▶ **Task directions**
Please repeat the records below exactly, from the first line through the line containing "82mm Lens to", and nothing more.

▶ **Recorded information**
··········

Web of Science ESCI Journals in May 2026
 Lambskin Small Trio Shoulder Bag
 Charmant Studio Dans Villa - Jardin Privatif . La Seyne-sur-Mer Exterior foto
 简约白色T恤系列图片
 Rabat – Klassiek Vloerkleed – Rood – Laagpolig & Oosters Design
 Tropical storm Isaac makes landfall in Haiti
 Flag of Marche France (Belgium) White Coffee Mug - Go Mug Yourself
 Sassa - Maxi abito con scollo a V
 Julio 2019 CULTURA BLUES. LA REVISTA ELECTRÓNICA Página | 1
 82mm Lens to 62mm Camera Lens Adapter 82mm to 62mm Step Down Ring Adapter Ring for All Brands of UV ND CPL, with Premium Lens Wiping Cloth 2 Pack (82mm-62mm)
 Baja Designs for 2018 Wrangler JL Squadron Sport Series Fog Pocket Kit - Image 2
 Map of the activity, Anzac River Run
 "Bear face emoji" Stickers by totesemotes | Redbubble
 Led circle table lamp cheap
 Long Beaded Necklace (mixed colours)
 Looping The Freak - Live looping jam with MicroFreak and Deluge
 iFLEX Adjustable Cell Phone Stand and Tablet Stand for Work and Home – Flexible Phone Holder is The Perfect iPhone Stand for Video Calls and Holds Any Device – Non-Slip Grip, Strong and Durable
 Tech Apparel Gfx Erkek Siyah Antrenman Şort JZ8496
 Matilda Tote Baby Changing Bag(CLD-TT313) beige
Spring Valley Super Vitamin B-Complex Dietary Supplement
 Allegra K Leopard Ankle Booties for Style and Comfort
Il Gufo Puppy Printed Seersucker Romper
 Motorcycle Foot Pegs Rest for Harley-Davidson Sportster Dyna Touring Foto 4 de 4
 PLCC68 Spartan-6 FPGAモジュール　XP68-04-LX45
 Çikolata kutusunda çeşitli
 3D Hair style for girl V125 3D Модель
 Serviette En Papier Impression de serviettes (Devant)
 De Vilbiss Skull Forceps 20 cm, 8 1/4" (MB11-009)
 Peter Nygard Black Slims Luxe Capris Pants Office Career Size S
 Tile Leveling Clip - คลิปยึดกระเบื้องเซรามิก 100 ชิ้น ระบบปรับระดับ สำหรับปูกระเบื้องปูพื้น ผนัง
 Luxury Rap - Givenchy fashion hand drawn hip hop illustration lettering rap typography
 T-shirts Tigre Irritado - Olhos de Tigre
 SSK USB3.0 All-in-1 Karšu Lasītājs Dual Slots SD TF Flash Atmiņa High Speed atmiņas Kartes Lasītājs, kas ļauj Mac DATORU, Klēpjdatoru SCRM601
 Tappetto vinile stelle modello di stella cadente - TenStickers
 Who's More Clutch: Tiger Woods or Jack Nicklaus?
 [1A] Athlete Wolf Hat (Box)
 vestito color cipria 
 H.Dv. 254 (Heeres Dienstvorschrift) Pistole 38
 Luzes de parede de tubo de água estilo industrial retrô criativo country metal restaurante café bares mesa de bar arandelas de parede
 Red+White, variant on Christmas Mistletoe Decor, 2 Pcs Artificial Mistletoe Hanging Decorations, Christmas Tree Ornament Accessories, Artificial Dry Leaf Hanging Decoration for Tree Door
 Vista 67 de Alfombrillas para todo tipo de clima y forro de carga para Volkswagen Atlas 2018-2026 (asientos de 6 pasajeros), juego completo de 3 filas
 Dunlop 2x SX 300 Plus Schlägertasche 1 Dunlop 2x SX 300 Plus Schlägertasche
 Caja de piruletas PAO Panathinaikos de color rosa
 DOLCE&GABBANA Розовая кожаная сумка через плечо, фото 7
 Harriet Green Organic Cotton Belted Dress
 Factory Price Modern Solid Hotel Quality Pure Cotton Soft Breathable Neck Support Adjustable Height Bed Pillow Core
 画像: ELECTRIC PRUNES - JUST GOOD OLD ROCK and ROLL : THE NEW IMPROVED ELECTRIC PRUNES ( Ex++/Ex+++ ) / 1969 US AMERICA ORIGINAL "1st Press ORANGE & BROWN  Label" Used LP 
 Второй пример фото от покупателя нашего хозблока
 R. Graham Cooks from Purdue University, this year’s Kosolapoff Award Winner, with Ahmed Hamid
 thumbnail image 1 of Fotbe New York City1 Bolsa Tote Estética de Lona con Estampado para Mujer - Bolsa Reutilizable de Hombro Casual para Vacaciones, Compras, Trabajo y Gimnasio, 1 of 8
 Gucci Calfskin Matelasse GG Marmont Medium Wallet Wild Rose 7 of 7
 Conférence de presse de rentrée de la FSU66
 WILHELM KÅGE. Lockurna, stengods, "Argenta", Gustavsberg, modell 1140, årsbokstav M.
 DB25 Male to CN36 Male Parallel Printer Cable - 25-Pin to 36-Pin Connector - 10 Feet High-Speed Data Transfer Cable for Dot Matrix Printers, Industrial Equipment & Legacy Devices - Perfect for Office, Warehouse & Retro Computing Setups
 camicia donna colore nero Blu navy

··········

▶ **Result**
Web of Science ESCI Journals in May 2026
 Lambskin Small Trio Shoulder Bag
 Charmant Studio Dans Villa - Jardin Privatif . La Seyne-sur-Mer Exterior foto
 简约白色T恤系列图片
 Rabat – Klassiek Vloerkleed – Rood – Laagpolig & Oosters Design
 Tropical storm Isaac makes landfall in Haiti
 Flag of Marche France (Belgium) White Coffee Mug - Go Mug Yourself
 Sassa - Maxi abito con scollo a V
 Julio 2019 CULTURA BLUES. LA REVISTA ELECTRÓNICA Página | 1
 82mm Lens to 62mm Camera Lens Adapter 82mm to 62mm Step Down Ring Adapter Ring for All Brands of UV ND CPL, with Premium Lens Wiping Cloth 2 Pack (82mm-62mm)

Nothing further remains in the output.